Think HBR

Skills to support innovation in the Hunter

Innovation means many different things in 2016. For Hunter TAFE in its simplest form, innovation requires the right mix of industry, employers and highly skilled and experienced teachers who can use the TAFE model to be creative and innovative while developing skills for now and for the future.
In order to create this secure, sustainable and prosperous future, Australia will require enhanced capability in science, technology, engineering and maths (STEM) areas along with skills in complexproblem solving, teamwork, interpersonal negotiation skills and the ability to adopt a multi-disciplined approach.
As one of Australia’s largest vocational education and training providers, Hunter TAFE has a significant part to play in delivering the right training programs to provide industry with the skilled workers that will lead innovation.
Collaboration with industry and employers across the region has always been an important part of the how Hunter TAFE develops programs to meet the skills needs of the region.

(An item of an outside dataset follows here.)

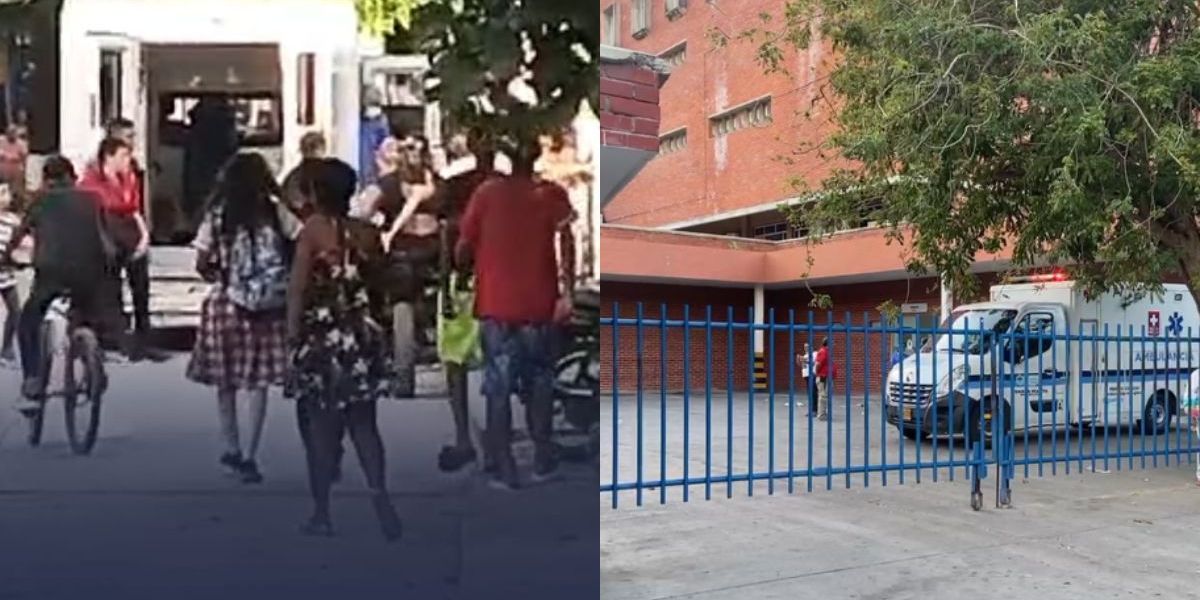 Pescaíto mi Barrio Heridos fueron trasladados hasta el Hospital Julio Méndez Barreneche.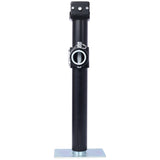 Schweißanhänger-Anhänger-RV-Anhänger 5.000 Pfund. 15-1/2 Zoll vertikales Reisen schwarz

Hunter TAFE is actively working with RDA Hunter, AIG, HunterNet, schools and businesses across the region to develop programs that encourage school students to continue STEM skills education in an exciting and engaging way that demonstrates how those skills link to future careers.
Hunter TAFE CEO/ Institute Director, Christine Warrington said that TAFE’s role is to ensure that skills training continues to match the needs of employers across the Hunter and Central Coast regions.

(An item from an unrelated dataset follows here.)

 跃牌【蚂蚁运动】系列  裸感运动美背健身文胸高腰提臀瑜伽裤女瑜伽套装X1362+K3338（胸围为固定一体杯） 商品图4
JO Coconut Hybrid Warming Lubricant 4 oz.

“As one of the major education providers in the region we have a responsibility to ensure our training programs continue to remain relevant, focusing on applied learning and hands-on practical training,” said Ms Warrington.

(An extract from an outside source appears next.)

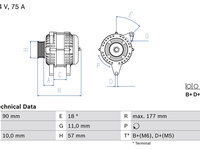 Generator / Alternator BOSCH 0 986 049 131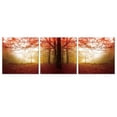 thumbnail image 1 of SENIK Autumn Leaves 3-Panel MDF Framed Photography Triptych Print, 72 x 24-in, 1 of 5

“Adapting our products and programs is something we have been required to do throughout our 120 year history,” she said.
“From developing light automotive courses that include the computer and electronics skills required for modern vehicles, to including 3D printing technology in our industrial design courses.
New technologies and applications of those technologies has always been changing,” said Ms Warrington.
“The difference is that now we will experience this change at an unprecedented rate.”
“A truly coordinated approach between government, industry, schools, the VET sector and universities will be required to ensure that the Hunter and Central Coast are prepared and supported with the skills required to drive a prosperous and sustainable economy.”